The Wilder Davidson Story: The End of an Era; Part 1; Life in the Company Towns
- Transcript
You The following program has been made possible in part by a grant from the Tennessee Humanities Council, a not -for -profit corporation whose principal funding is provided by the National Endowment for the Humanities, by contributions from businesses and individuals in the upper Cumberland region of Tennessee, and by
WCTETV. When I got the Wilder, I thought I was in the city. Davidson used to be a pretty place, a nice place, and Wilder was too, and Highland was down there, but it just all disappeared, the people just all gone out and left. I never dreamed that it would be like that always, that I'd live out there all my life. I loved to live there, didn't you? I sure did, back then. It was a good place to live. There was a lot of people in there, too. For six months, it was just like a war going on in Wilder. You could hear shooting day and night, dynamite.

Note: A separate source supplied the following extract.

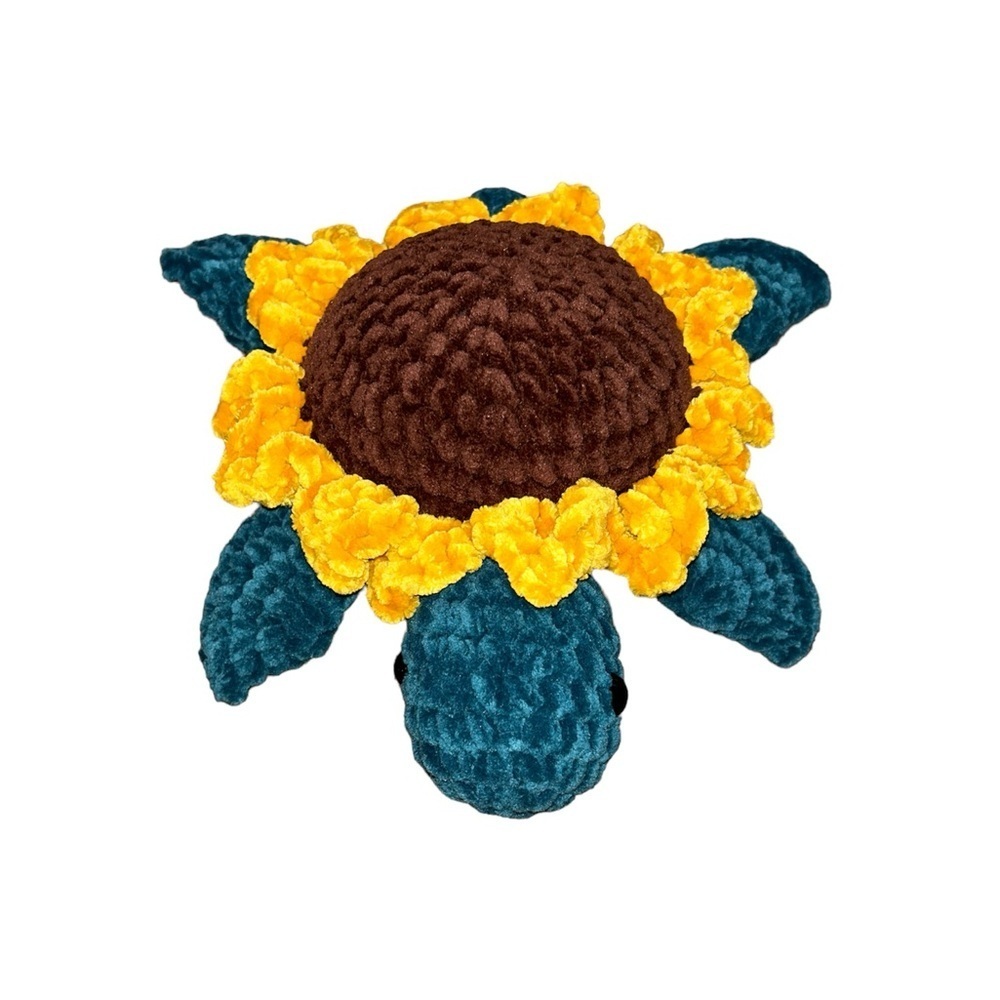 Handmade Sunflower Sea Turtle Amigurumi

Mining companies was king of the hill, buddy. You stooped and you bowed. They owned the mines, they owned the house, they owned the store, they owned
everything. Now Wilder's best coals have been dug out in this country, they say. I know it's got a bad name, they've never been no better people in the world. It's hard to talk about it. People who grew up in Wilder, Tennessee can never go home again. Nothing remains but trees, brush, a burned slag bank, a few rotting cross ties, and some crumbling concrete foundations. Between 1903 and the 1930s, the five communities of Wilder, Davidson, Crawford, Twinton and Highland thrived as a coal mining complex that was the major economic center of the Upper Cumberland region. According
to former residents, as many as 2 ,000 persons lived in Wilder alone. Before the railroad came in the 1890s, much of the Upper Cumberland region was an isolated area in which a hardy, independent people survived largely on subsistence farming and logging. With the railroad, however, it was possible to tap the rich coal reserves in this mountainous area. Some deep mining continued in the Wilder -Davidson complex through the 1950s, but a nationally prominent mine strike in 1932 -33 and the Depression of the 1930s brought to an end the boom era of the 1920s. The Wilder -Davidson story, The End of an Era, is a community -based oral history project that tries, through the voices of those who lived there, to preserve the heritage of the region and chronicle the early 20th century industrialization
of an isolated rural area of the Upper South. Part one, Life in the Company Towns, looks at family life, social life, community relations, social institutions and attitudes toward company officials during the period 1903 -1930 before the catastrophic mine strike. Like so many others, Maj. Alexander fondly remembers growing up and living in the mining communities. It was the most wonderful place in the world. We just loved it and you know, I never dreamed that it would be like that always and that I'd live out there all my life. We loved it, everybody that lived there. It was a typical mining town, I guess. Everything was hills and what we call hollers. The houses were mostly on the hillsides except at the area we call Black Bottom. And the houses were smoke and dingy looking on the outside. I don't like to think of it that way because
some of the happiest homes I've ever been in were in the homes that people lived there. No, there was no comparison between any other town in the mining town in those days. The press and the people themselves remember and told more of the sensational things. But back before the strike, the schools were good and he was talking about Mr. W. A. Beatty who was the principal. He believed in children presenting plays and we had lots of plays and of course we liked that and it was just entirely different. You talk to people today and it was just, pardon the word, hell on earth for them but it wasn't to me until the strike came. We had some good times back then and you had anything to sell. That's only place you
could sell it because most of the men over there had a job and that's where most people had to go. They call it peddling. They had vegetables or fruits or anything to sell or they'd always take it to the wilder. When I come up, times I was talking about, you didn't have no choice. There wasn't no roads to get out there. I say that I was 21 -year -old before I know you'd get into further than wilder but now that's the stretching of this fraction. you was almost tired. We was almost tired of that country. We had no money. I was well satisfied. I didn't have no desire to, you know, I guess I never thought of it and I was well satisfied but the company just about owned you.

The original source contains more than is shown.